Ho dato un’occhiata al numero di post pronti, programmati: sono circa 22. Siccome pubblico tre volte la settimana (a meno che non capiti in un giorno festivo, in quel caso non pubblico nulla) significa avere il blog a posto per circa sette settimane. Non male.
Ma buona parte di quei post, probabilmente non vedranno mai la luce.
Non li leggerete mai.
Racconta storie, non di marketing
Per quale motivo?
Be’, è facile da capire. Se decidi di raccontare delle storie, è inutile che poi infarcisci il blog di post sul marketing. Il marketing lo devi fare.
Perché altrimenti attiri l’attenzione non dei lettori (e di loro hai bisogno), ma di altri nelle tue stesse condizioni. Lo riscrivo: hai bisogno (ho bisogno) di lettori. E di nient’altro.
“Eh. Ma come pensi di raggiungerli se non fai marketing?”
E chi ha scritto che non faccio marketing? Solo, mi sono un po’ stufato di scriverne. Perché questo non mi avvicina per niente alle persone che forse, sono interessate alle storie. Mi pare di avere già parlato di questo in passato. Nel mese di luglio per esempio mi domandavo: “Come piazzo l’arte?”.
Perché il rischio, non è quello di creare qualcosa che ti piace e basta. Ma di dover seguire le regole del mercato (che piglia sonore cantonate, e anche in questo caso c’è un mio post al riguardo: “Buone notizie: il marketing sbaglia”).
E allora?
Il bastian contrario non sono io
Be’, io già mi sono imbarcato in un settore (i racconti) che hanno pessima fama. La gente non li legge?
E io li scrivo.
La gente vuole rilassarsi? Leggere qualcosa di leggero?
E io scrivo di disoccupati, di gente che ha perso casa (e gambe), di bambini con deficit cerebrali. Tutta roba che inietta gioia nelle vene della società, vero?
Ma il bastian contrario non sono io: siete voi, o popolo.
La realtà è fatta di queste cose. E se è così pervasiva, brutta e cattiva, non la renderai più bella, positiva e piena di progresso parlando di altro.
A mio parere, l’auto-pubblicazione ha un potenziale ancora nascosto. Certo, ci sono erudite analisi che dimostrano come nonostante tutto, l’ebook venda. Ma mi pare che sia solo un “dettaglio”; certamente importante.
Per esempio, è ottimo avere il pieno controllo su tutto. Però se ci fermiamo a questo, mi pare che sfugga il valore aggiunto di questo settore.
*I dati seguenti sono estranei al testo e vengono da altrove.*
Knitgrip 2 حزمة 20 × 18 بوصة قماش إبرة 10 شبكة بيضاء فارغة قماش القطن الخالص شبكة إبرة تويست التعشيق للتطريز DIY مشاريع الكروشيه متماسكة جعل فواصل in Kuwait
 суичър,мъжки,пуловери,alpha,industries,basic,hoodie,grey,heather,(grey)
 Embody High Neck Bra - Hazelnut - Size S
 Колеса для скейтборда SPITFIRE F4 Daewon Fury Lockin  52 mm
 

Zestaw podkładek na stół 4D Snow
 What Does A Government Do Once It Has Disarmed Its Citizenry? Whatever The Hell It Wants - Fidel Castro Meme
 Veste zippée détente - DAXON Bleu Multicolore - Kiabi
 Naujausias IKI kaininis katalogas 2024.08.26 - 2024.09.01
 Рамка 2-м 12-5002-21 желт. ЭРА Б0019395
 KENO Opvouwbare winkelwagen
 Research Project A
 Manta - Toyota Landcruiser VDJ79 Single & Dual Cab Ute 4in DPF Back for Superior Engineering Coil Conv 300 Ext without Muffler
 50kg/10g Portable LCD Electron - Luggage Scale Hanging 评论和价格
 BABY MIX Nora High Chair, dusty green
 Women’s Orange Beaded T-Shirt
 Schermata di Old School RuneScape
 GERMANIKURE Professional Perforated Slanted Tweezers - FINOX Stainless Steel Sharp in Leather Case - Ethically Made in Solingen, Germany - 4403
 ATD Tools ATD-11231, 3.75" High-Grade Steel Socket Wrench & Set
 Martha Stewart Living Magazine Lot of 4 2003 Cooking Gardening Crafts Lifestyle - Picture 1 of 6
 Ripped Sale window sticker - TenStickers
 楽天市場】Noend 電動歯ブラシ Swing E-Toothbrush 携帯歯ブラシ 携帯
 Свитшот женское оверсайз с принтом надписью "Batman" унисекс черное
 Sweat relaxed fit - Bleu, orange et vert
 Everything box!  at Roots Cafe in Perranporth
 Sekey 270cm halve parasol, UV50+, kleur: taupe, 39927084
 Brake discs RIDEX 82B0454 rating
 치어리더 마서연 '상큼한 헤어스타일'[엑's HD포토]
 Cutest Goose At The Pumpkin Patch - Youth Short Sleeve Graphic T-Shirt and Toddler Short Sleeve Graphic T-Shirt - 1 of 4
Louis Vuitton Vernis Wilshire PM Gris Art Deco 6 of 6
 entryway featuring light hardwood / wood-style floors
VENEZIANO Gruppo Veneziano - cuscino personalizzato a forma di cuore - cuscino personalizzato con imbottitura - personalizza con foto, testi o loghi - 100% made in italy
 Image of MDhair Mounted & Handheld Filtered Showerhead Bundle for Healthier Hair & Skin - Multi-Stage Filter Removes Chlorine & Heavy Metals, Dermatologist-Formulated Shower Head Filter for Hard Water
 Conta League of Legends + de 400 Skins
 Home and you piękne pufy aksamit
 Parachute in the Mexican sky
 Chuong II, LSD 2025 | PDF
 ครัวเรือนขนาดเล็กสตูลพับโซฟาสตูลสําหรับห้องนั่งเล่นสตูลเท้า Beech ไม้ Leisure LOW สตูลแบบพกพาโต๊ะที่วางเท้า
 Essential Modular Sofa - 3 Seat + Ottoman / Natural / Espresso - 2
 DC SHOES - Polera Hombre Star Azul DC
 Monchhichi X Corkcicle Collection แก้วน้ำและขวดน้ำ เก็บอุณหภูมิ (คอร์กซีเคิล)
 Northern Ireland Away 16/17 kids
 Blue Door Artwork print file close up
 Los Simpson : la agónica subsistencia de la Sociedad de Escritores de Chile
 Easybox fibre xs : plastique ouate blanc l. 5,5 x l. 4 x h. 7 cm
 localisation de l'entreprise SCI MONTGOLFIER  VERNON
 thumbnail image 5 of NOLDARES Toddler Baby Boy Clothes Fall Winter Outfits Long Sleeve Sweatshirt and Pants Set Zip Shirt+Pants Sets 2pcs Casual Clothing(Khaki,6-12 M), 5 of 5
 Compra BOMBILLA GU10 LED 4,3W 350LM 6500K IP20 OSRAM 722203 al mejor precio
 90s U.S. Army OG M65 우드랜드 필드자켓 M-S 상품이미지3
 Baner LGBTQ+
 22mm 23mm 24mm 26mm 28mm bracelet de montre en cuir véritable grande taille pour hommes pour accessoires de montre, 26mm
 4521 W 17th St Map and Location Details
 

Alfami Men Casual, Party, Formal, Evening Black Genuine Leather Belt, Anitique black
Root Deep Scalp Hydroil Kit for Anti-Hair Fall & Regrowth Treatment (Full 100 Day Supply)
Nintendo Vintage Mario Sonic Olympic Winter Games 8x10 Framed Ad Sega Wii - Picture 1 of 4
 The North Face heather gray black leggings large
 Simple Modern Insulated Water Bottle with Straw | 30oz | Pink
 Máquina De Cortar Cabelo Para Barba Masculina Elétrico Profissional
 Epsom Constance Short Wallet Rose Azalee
Quello che trovo nell’autopubblicazione, è la possibilità di essere… dei carbonari.
Carbonari della narrativa
Ma che vuol dire? Vuol dire avere la mano più libera. E tu mi dirai: perché, chi scrive non ce l’ha?
Aspetta un attimo che guardo una cosa…
Ecco, come immaginavo.
Se io butto un’occhiata alle classifiche non vedo tutta questa “mano libera”; invece scovo una certa uniformità nei libri. E proprio quelli che fanno auto-pubblicazione mi pare siano (nell’80% dei casi), quelli che a tutti i costi vogliono seguire il vento. Adeguarsi a quel mercato che pure sino a ieri li ha respinti; e probabilmente li respingerà anche domani, dopodomani, il giorno dopo ancora.
Certo: c’è un problema di talento: o ce l’hai, oppure… Però sono certo che senza l’autopubblicazione non avrebbero mai visto la luce né “Non hai mai capito niente” e nemmeno “Cardiologia”. Sì insomma: la Trilogia delle Erbacce non sarebbe mai nata.